WEST PALM BEACH, Fla. Carrier resolve to charge customers for delays and ancillary services is "as high as it has ever been,” says CTA CEO David Bradley.
Bradley made his remarks during a presentation today to a joint meeting of the U.S. and Canadian transportation lawyers associations.
"The reality is that the trucking industry is in the midst of what some have termed, the perfect storm," said Bradley. "Operating costs like fuel, insurance, wages and security are all going are all going up. At the same time, there is a capacity crunch in the industry in large part reflecting a driver shortage combined with an upsurge in demand. Overlay that with a five per cent productivity hit from the new U.S. hours of service regulations and you have created the perfect conditions for increases in freight rates and accessorial charges."

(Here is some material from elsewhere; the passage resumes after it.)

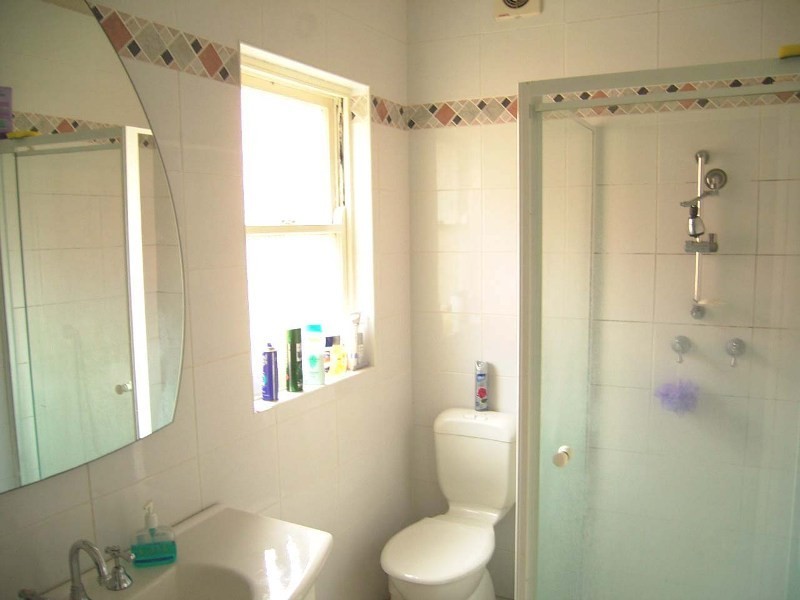 5/1  Wilbar Avenue, Cronulla NSW 2230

He said the mood amongst shippers with regard to paying higher rates and/or accessorial charges "has been more accepting." But, he added, "Carriers have to be able to provide shippers with adequate documentation to show when and where delays are occurring."
According to Bradley, the most significant element of the new U.S. hours of service regulations which came into force in January of this year is the introduction of a 14-hour "working window,” which requires a driver to get all his/her driving hours in within 14 hours of coming on duty.
"This measure has reduced the tolerance for delays to zero,” said Bradley. “Drivers must be paid for waiting time at borders and for delays in loading/unloading at shipper or consignee docks. The costs of the new hours of service regulations cannot be solved on the backs of the drivers."
Shippers can moderate the increases in rates and accessorial charges, by working closely with their carriers and drivers to improve efficiencies in the loading/unloading process.
"Many carriers are reporting good co-operation with shippers in this regard and this has been very helpful,” he said.
New Canadian federal hours of service regulations are being finalized now and are expected to become law in 2005. Bradley says he expects there will be more compatibility between the Canadian and U.S. rules than has been the case.
However, he said, "there are still a few issues to be ironed out and we have great concerns over things like the fixed working window concept and how the split time provisions will look in their final form. Compatibility is good, but the rules do not have to be identical."